Quarterly earnings calls are usually dull, non-events. They’re especially uninteresting for automotive companies. To show how lively Tesla’s call was last night, here’s a comparison of what Musk said on his call with what General Motors (GM) CEO Mary Barra told investors in her company’s earnings conference call last week. It’s a battle for the ages: the disrupter vs. the giant. It’s Silicon Valley vs. Detroit.

On problems in China

Musk actually was pretty critical of his staff here, something you don’t usually see.

Unfortunately, this sounds brain-dead, but our sales team was telling people that it was difficult to charge in China, even though this is not true. That is pretty silly.

I put the guy who was in charge of the Supercharger roll out in China, who was doing an awesome job, an engineer, basically, he’s no sales person, in charge of China to make sure that charging is super easy and excellent.

Barra, meanwhile, said this:

In China, we had another solid quarter, contributing to record full year equity income as our sales continued to outpace the market.
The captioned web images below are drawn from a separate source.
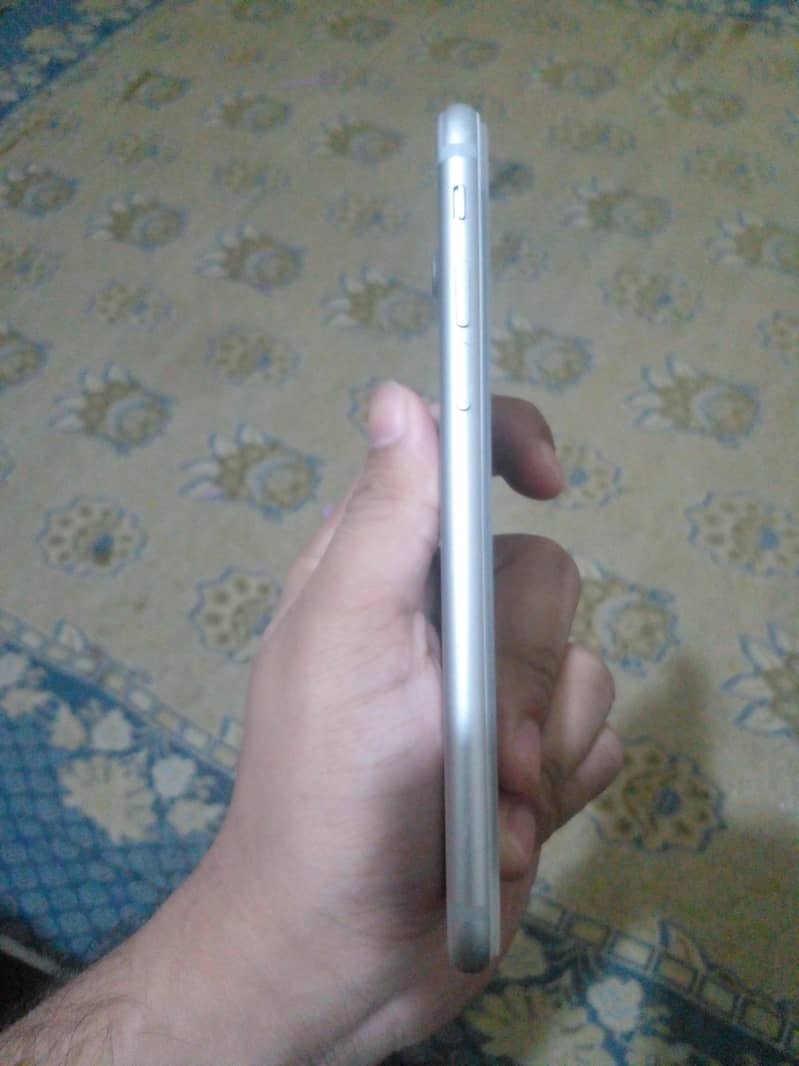 iPhone 7 3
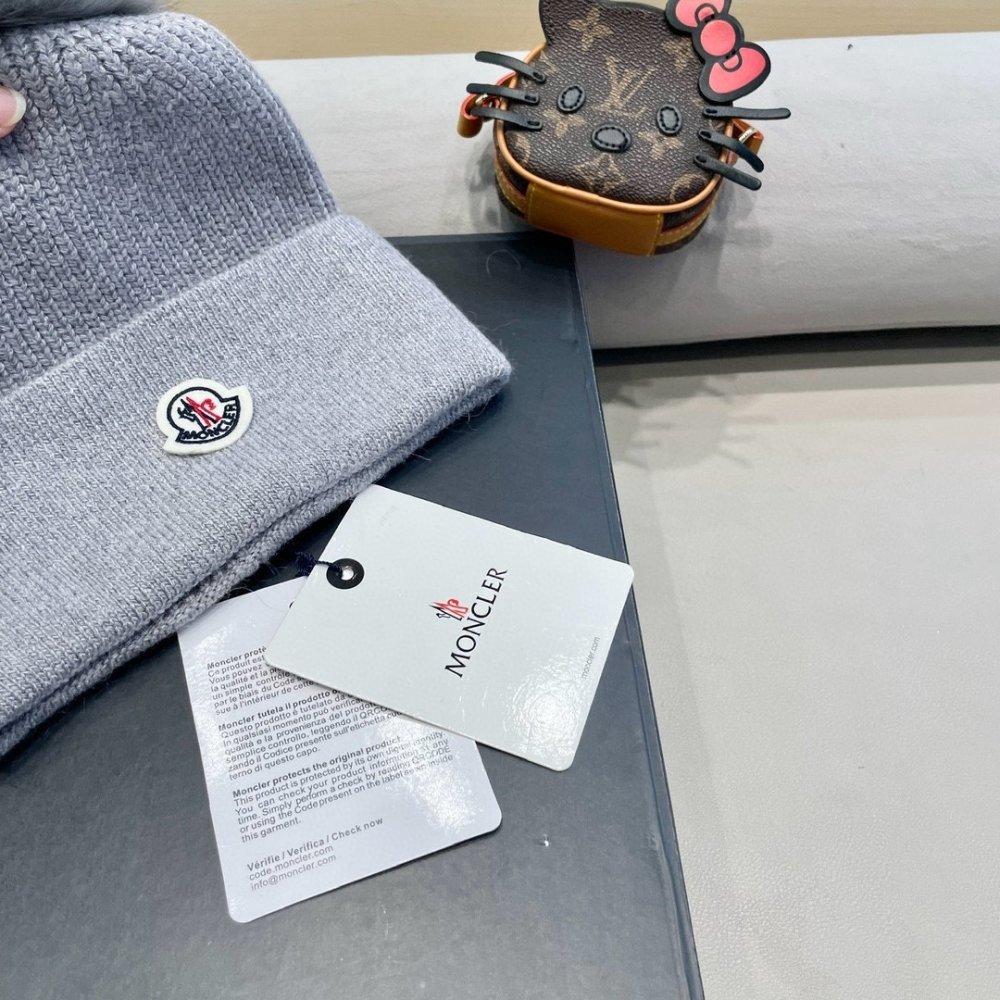 A cap winter фото 4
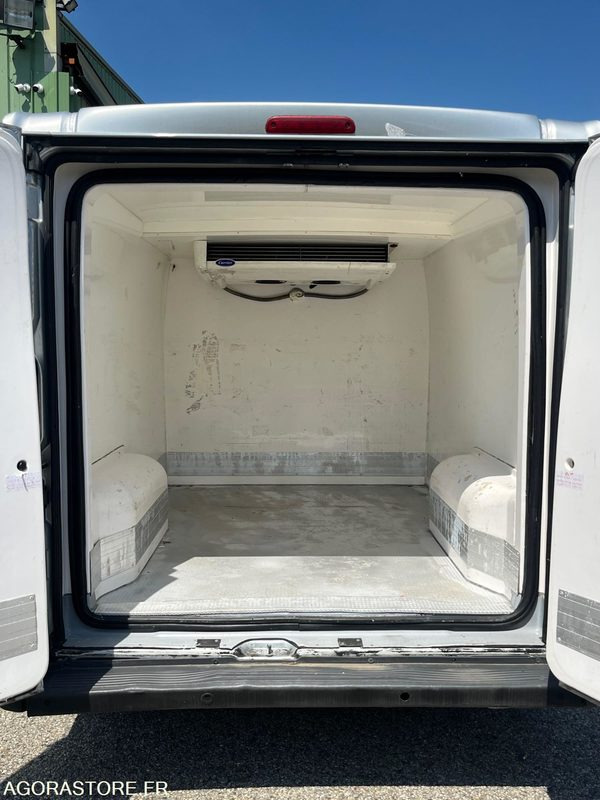 Peugeot Boxer L1H2 330 L1H1 2L Bluehdi - 2017 - 139 950km - Carrinha frigorífica: foto 4 Peugeot Boxer L1H2 330 L1H1 2L Bluehdi - 2017 - 139 950km - Carrinha frigorífica: foto 4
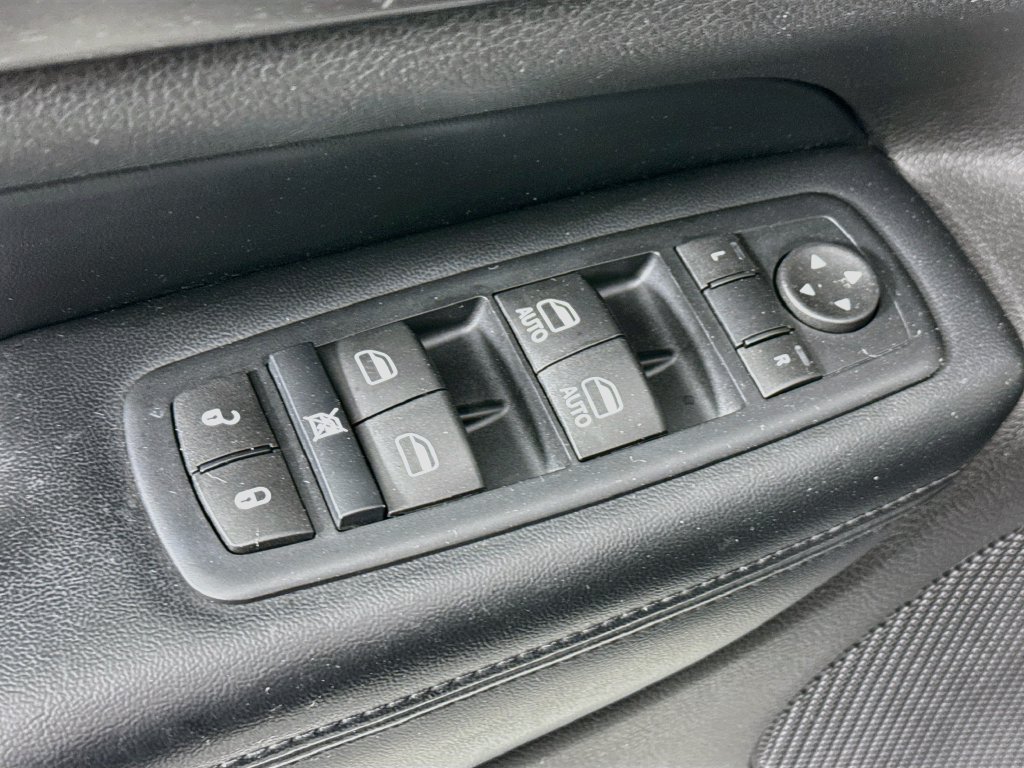 Used 2016 Jeep Grand Cherokee Laredo w/ Quick Order Package 23E AWD/4WD image 17
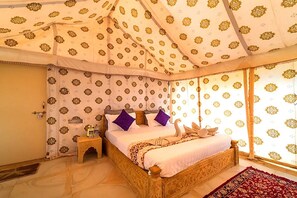 Bureau, espace de travail pour ordinateur portable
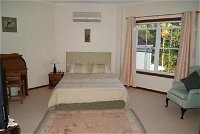 Kingfishers Manor  Noosa - St Kilda Accommodation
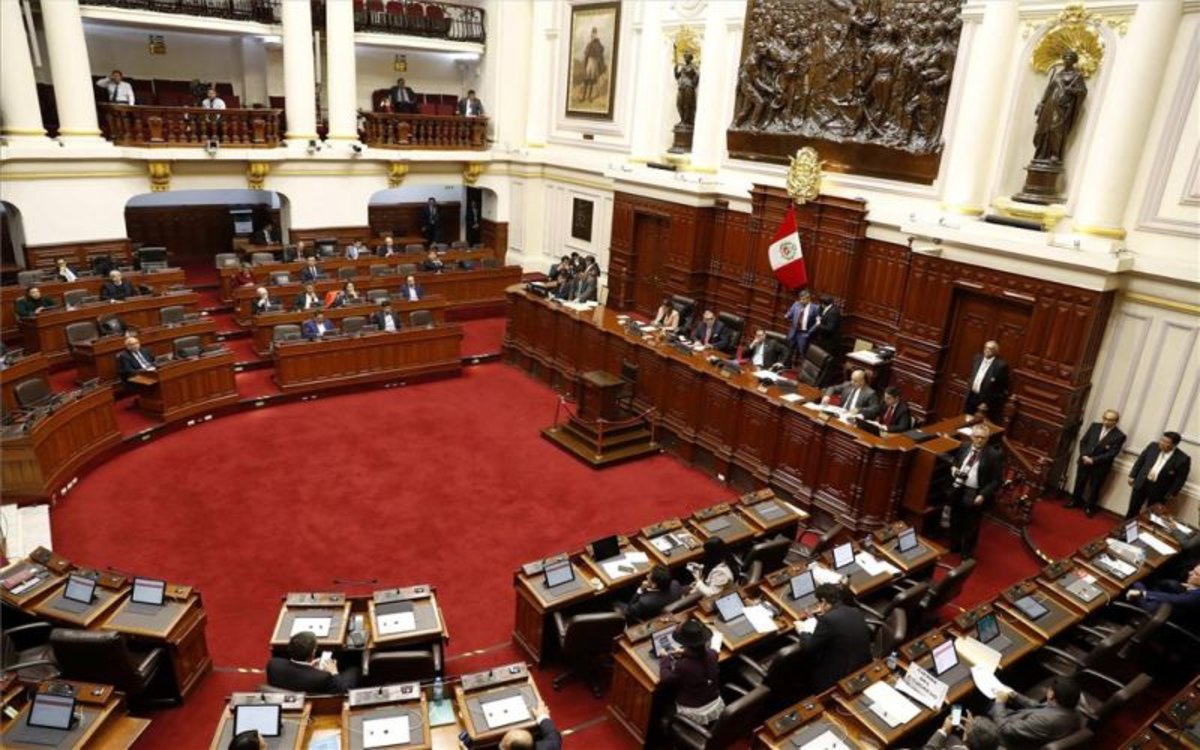 Congreso de Perú pide a Tribunal Constitucional que anule su disolución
So while Musk throws his staff under the bus, Barra quietly toots her company’s horn. We’re off to a good start.

On accounting practices

Musk used this subject to take a shot at some of his critics, defending Tesla’s use of non-standard accounting practices.

So we will probably keep even though it makes our financials look worse than they really are. It’s important because we do get some criticism about GAAP versus non-GAAP, as though when we do non-GAAP, we’re actually trying to people into thinking something is better than it is. But actually that’s not true. The way the accounting rules currently work don’t give a correct picture and we’re trying to give a more correct picture of non-GAAP, not a less correct picture.

Barra didn’t even get into this topic. GM’s CFO Chuck Stevens mentioned the automaker’s non-GAAP results, but didn’t get into any sort of detail about why these were superior.

On CapEx

This is one of the comments from Musk that’s getting the most ink, because he seemed a little bit crazy:

We are going to spend staggering amounts of money on CapEx, for good reasons and with a great ROI.

Barra was much more staid (are you catching on to a theme here?)

We believe there is opportunity in segments we’re not in around the globe that we’ll generate the right return and can enhance our brands and enhance our market position. So looking at those three buckets and again it’s an area, I ran in the company at one point in my career, there is an intense focus on that and we’ll seize every opportunity.

On upcoming new models

Again, Musk got all “contentious” — his word, not ours.

With respect to Model III, we definitely — we don’t want the delays that affected the X to affect the Model III. We are really — we are being quite contentious about this. There are things that we could do with the Model III platform that are really adventurous, but with schedule at risk. So what we’re going to do is we’re going to have something that is going to be an amazing car but it won’t be the most adventurous version of the Model III to begin with, but we will have then have the more different version of the Model III on the Model III platform following the initial version, so that we can stay on track for Model III.

Barra? She said GM has an “aggressive launch cadence of new cars and crossovers in 2016.”

On where the company will be in 10 years

Here’s where Musk predicted that Tesla could be as big as Apple in 10 years.

If you take this year’s revenue, around $6 billion or thereabouts, and if we are able to maintain a 30% growth rate for 10 years, add to your 10% profitability number, and have a 20 P/E, our market cap would basically be the same as Apple’s is today. That’s going to require a bit of — on the order of $700 billion — obviously, getting there will require some significant CapEx, but I am hopeful that we can do this without any significant dilution to the Company, maybe minor dilution but nothing serious.

As for Mary Barra, we couldn’t find a quote to match up with this one. It’s just never going to happen.